AVAILABLE DATA:
****************

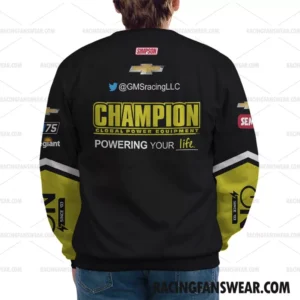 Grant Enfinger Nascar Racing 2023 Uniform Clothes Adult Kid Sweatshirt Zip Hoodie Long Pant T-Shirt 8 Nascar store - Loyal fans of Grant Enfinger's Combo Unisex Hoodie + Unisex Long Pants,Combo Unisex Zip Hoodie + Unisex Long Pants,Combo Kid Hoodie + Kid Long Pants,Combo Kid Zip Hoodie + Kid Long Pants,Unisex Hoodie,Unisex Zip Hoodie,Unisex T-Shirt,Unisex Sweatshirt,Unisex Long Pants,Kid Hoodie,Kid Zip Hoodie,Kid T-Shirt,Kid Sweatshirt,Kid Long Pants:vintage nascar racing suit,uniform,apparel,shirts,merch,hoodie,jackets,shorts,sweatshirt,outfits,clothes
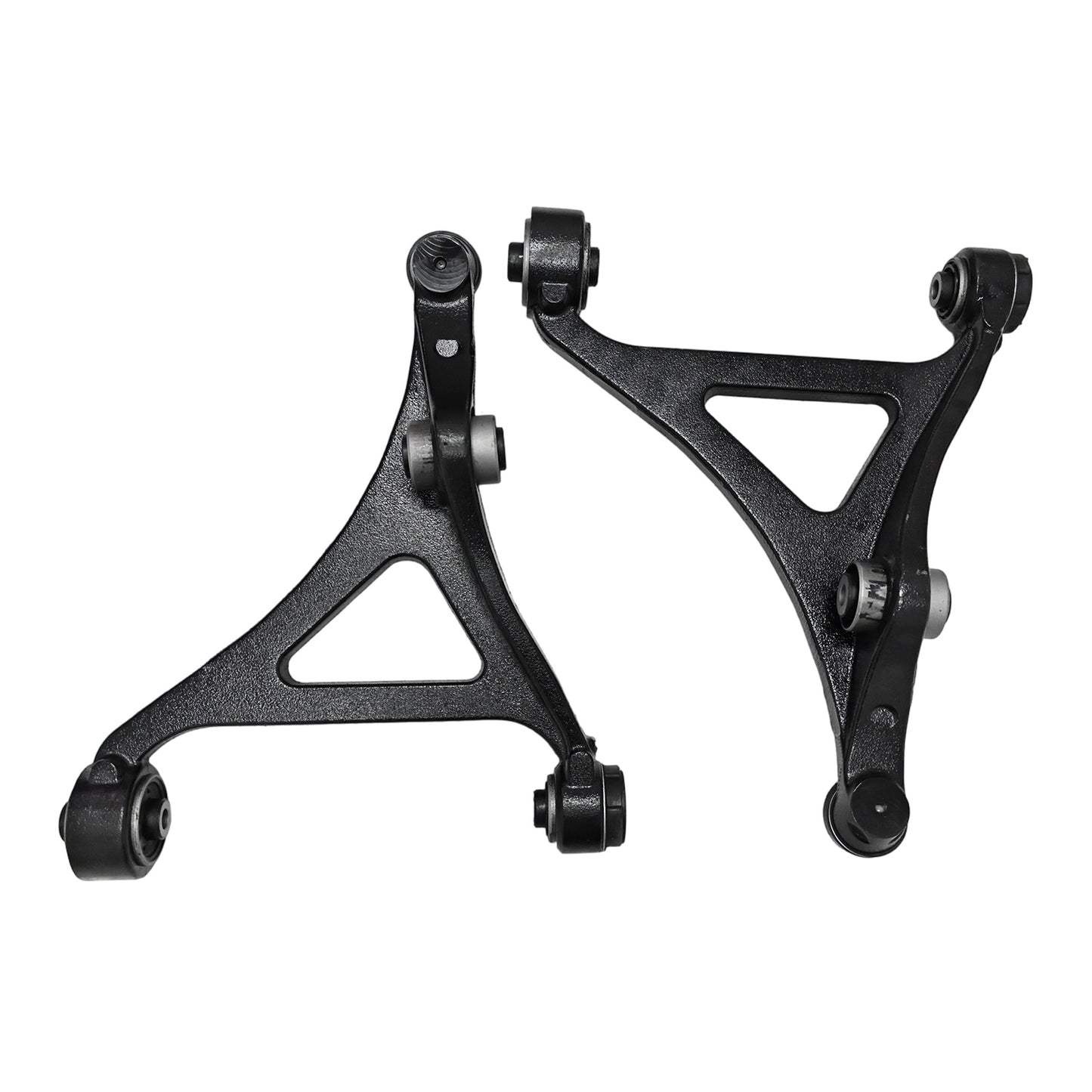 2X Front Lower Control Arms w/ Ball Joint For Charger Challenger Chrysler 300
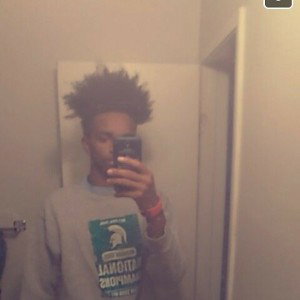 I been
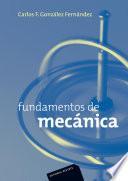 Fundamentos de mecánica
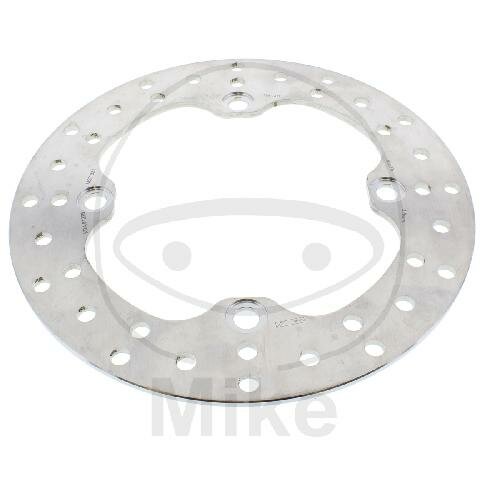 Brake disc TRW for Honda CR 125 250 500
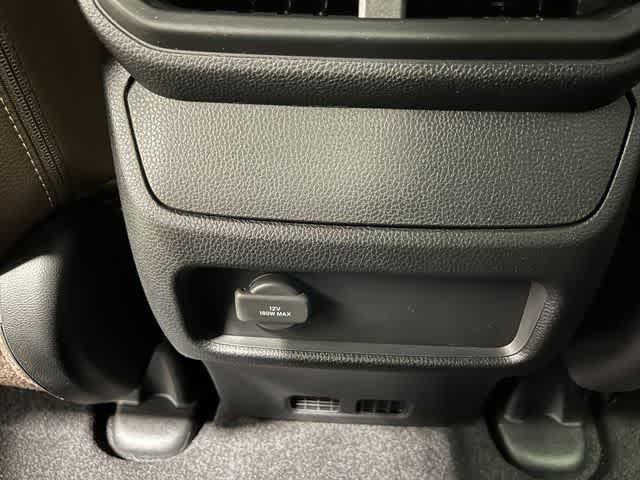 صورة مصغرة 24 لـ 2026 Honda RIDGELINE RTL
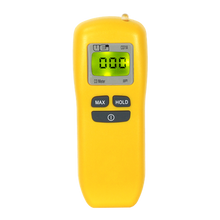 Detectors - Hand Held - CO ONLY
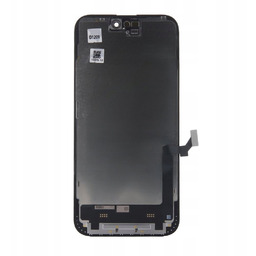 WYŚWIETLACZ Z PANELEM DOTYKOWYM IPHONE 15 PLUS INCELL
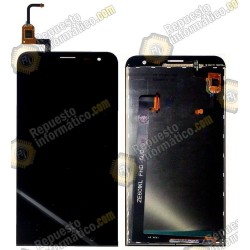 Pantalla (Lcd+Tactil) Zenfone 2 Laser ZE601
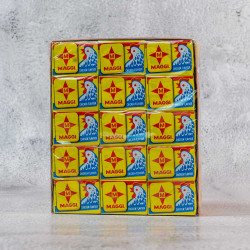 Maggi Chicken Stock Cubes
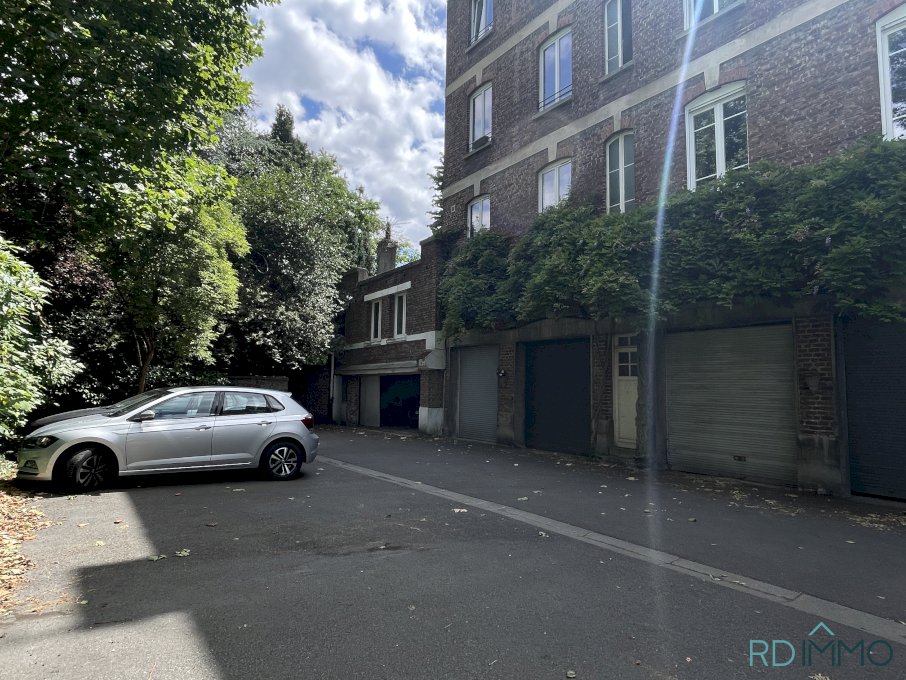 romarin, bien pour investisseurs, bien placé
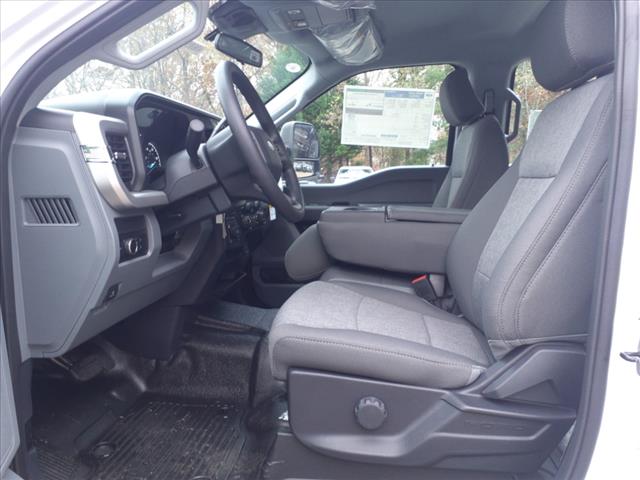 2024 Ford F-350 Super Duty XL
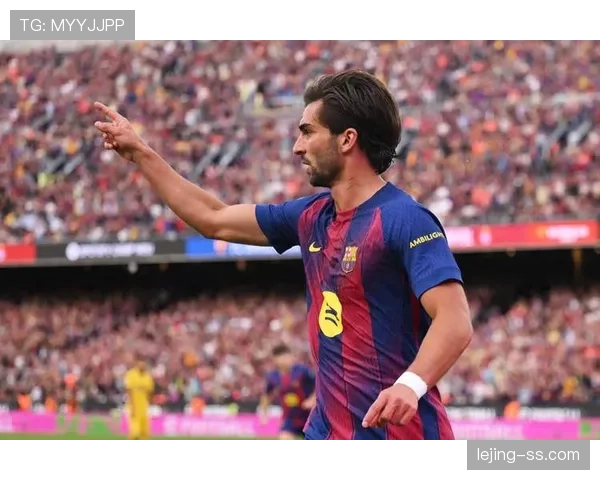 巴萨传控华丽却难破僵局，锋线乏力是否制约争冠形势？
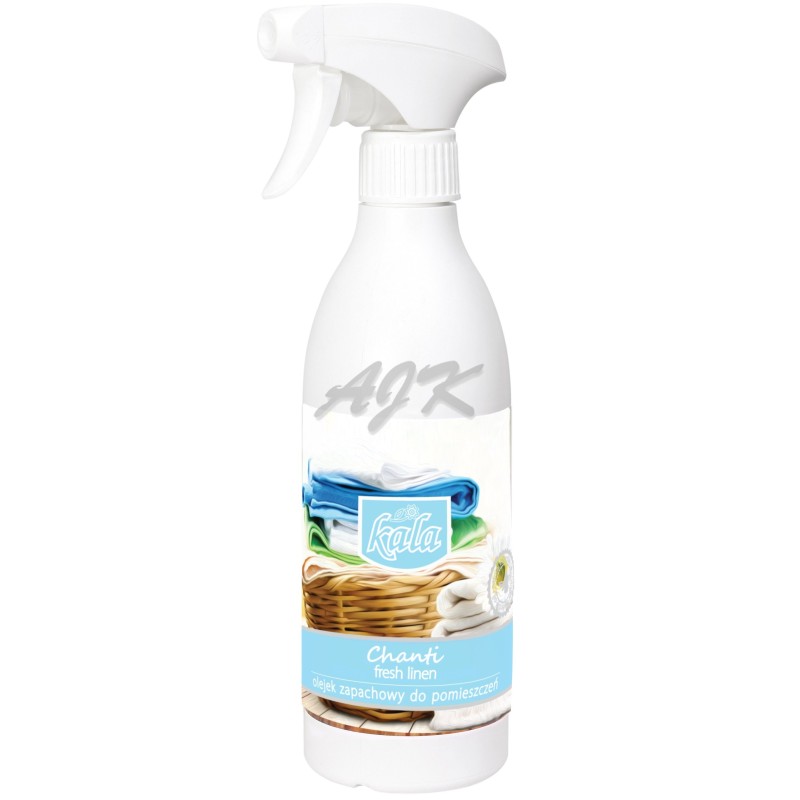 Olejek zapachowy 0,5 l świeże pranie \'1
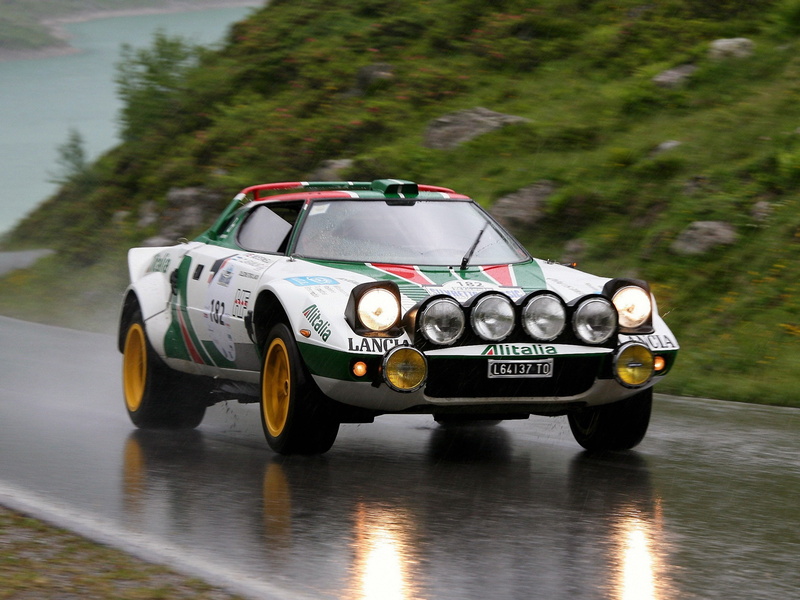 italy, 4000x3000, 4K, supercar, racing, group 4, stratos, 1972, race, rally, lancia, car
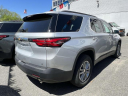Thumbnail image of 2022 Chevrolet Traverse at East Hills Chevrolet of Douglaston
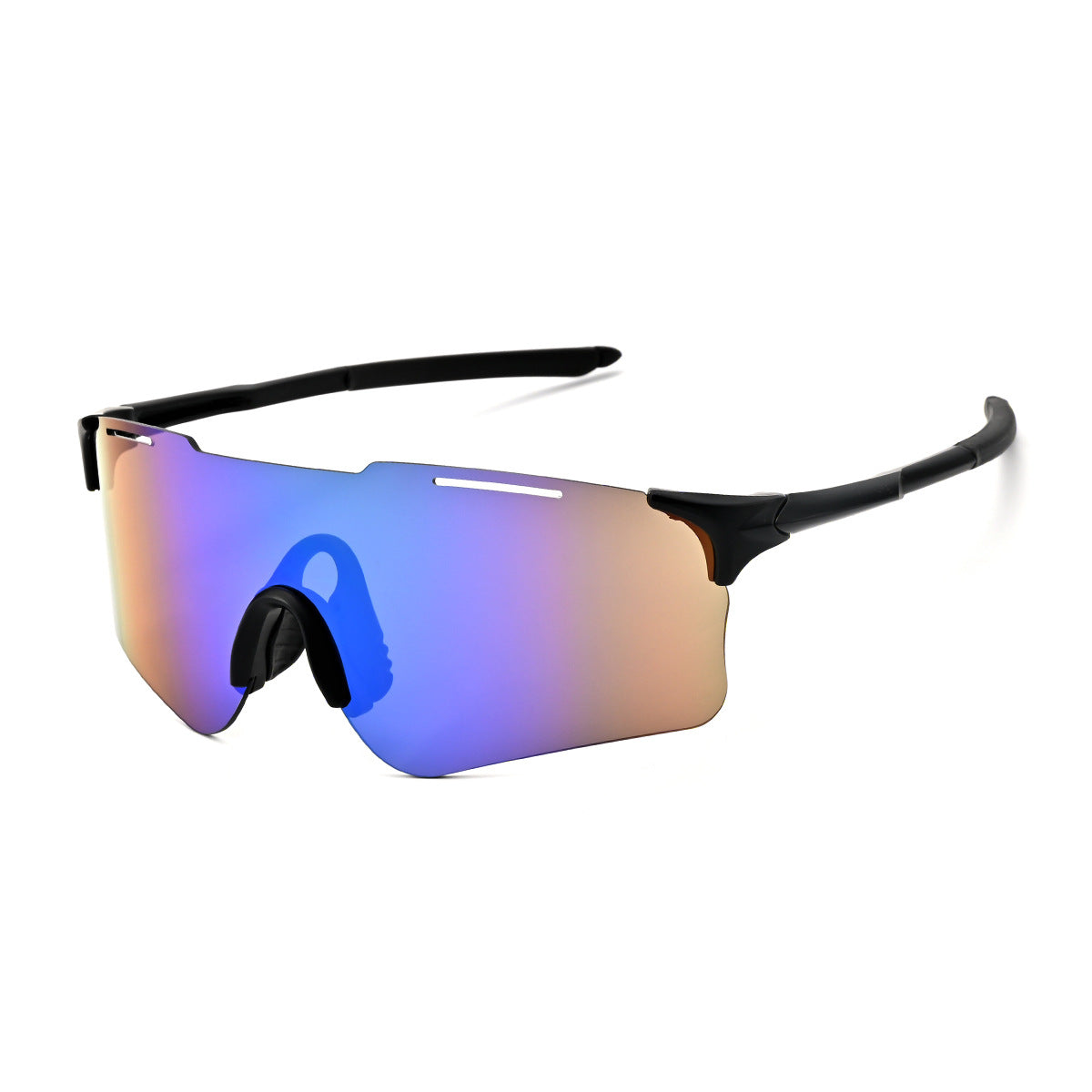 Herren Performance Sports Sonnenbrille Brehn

****************

EXERCISE DIRECTIONS: Copy exactly, please, every line from the one holding "Detectors - Hand Held - CO ONLY" through the last line of the data, both ends included, and no pictures.

SOLUTION FOR THIS PROBLEM:
 Detectors - Hand Held - CO ONLY
 WYŚWIETLACZ Z PANELEM DOTYKOWYM IPHONE 15 PLUS INCELL
 Pantalla (Lcd+Tactil) Zenfone 2 Laser ZE601
 Maggi Chicken Stock Cubes
 romarin, bien pour investisseurs, bien placé
 2024 Ford F-350 Super Duty XL
 巴萨传控华丽却难破僵局，锋线乏力是否制约争冠形势？
 Olejek zapachowy 0,5 l świeże pranie \'1
 italy, 4000x3000, 4K, supercar, racing, group 4, stratos, 1972, race, rally, lancia, car
Thumbnail image of 2022 Chevrolet Traverse at East Hills Chevrolet of Douglaston
 Herren Performance Sports Sonnenbrille Brehn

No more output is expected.